Examples of big data include information such as Web search results, electronic messages (e.g., SMS, email and instant messages), social media postings, pictures, videos and even system log data. However, it can also include credit/debit card transactions, check images, receipts and other transactional information depending on the source of the information. As a result, big data can easily end up in-scope for PCI compliance.
The first problem with big data is that organizations are expected to know the data going into their big data repositories. The reason “know your data” is so important with big data is that it comes from potentially a wide variety of sources such as:
- Social media
- News feeds
- Images
- Streaming media (audio and video)
- Documents
- Messaging systems
- Audit logs
- Transaction logs
- Web sites
- System logs
With this diversity of information sources, it is anyone’s guess as to how much sensitive information could end up in an organization’s big data repositories. But worse yet, anyone in the big data field will tell you that you need to anticipate all potential sensitive data so that you can secure and protect it appropriately. Why is this? Because big data tools allow everything to be searchable: text, images, audio, video, anything. So if you do not want the information to be searchable, then you need to identify it and either encrypt it, truncate it or remove it so that it cannot be found. As those of you that are using data loss prevention (DLP) or other tools to find cardholder data (CHD) stored on your systems are well aware, finding CHD is not as easy it would appear. As a result, finding it in big data could be the ultimate finding the needle in the haystack game.

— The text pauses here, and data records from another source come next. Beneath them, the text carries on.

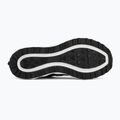 JOBE Discover Slip-On обувки за вода полунощно синьо 4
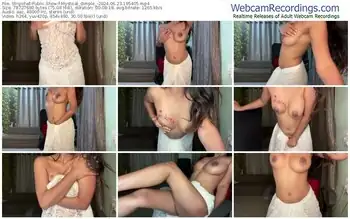 stripchat-mystical_dimple_-06-23-2024-19-54-05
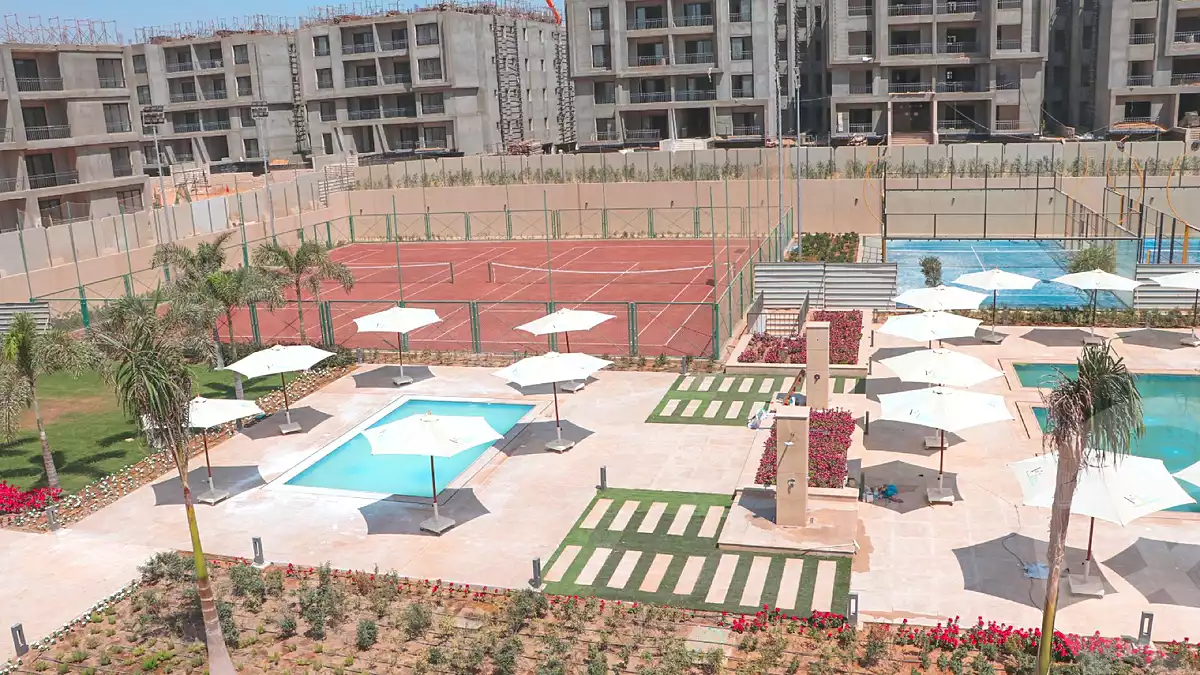 https://aqarmap.com.eg/en/listing/7065166-for-sale-cairo-new-cairo-compounds-fifth-square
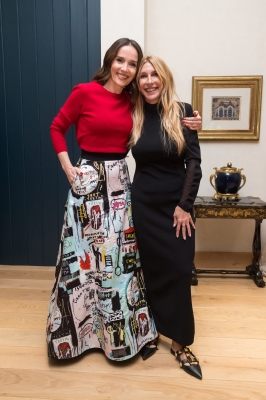 cocktailparty1.jpg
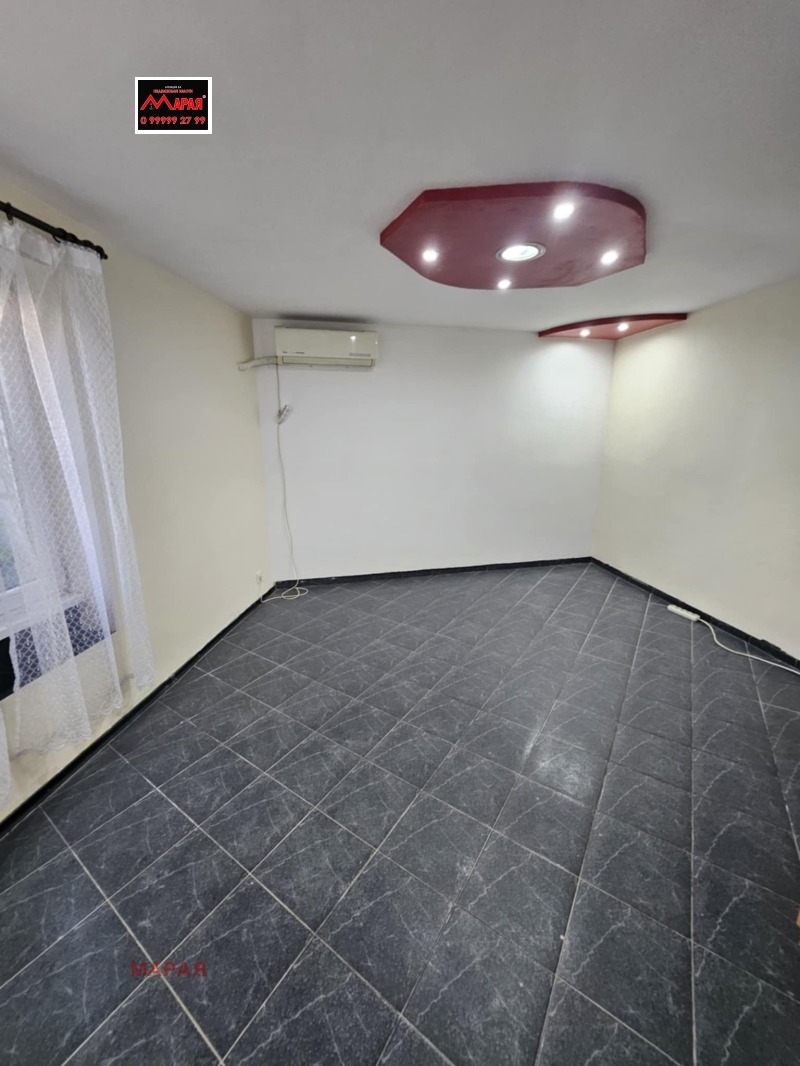Продава  1-стаен град Русе , Център , 40 кв.м | 71849854 - изображение [5]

The next problem with big data is that the security tools for big data are very early in their development and, in some cases, are really bolt on after thoughts that use constantly running queries to find and protect the sensitive data. While a lot of vendors claim they can secure data at the “field” level, I have spoken to a number of clients going through big data implementations that tell me this is a pipe dream at the moment. As such, in all cases I am aware; big data protection is currently accomplished through totally encrypting all of the data and very severely restricting access.
Which begs the question, how can big data be PCI compliant? Well it can be PCI compliant as long as: (1) access to it is extremely limited (only a very few people have access such as two to three), or (2) you are able to truncate, remove or encrypt the CHD contained in your big data hive(s). Given that accurately locating CHD can be nearly impossible with current techniques, I just do not see option 2 as currently viable, so extremely limited access is your only workable option. Even then I seriously doubt that big data is a good place for CHD to be stored as severely limiting access is also not viable given why big data is being implemented. As a result, big data is probably not a good place for sensitive data, cardholder or otherwise, until the security tools catch up.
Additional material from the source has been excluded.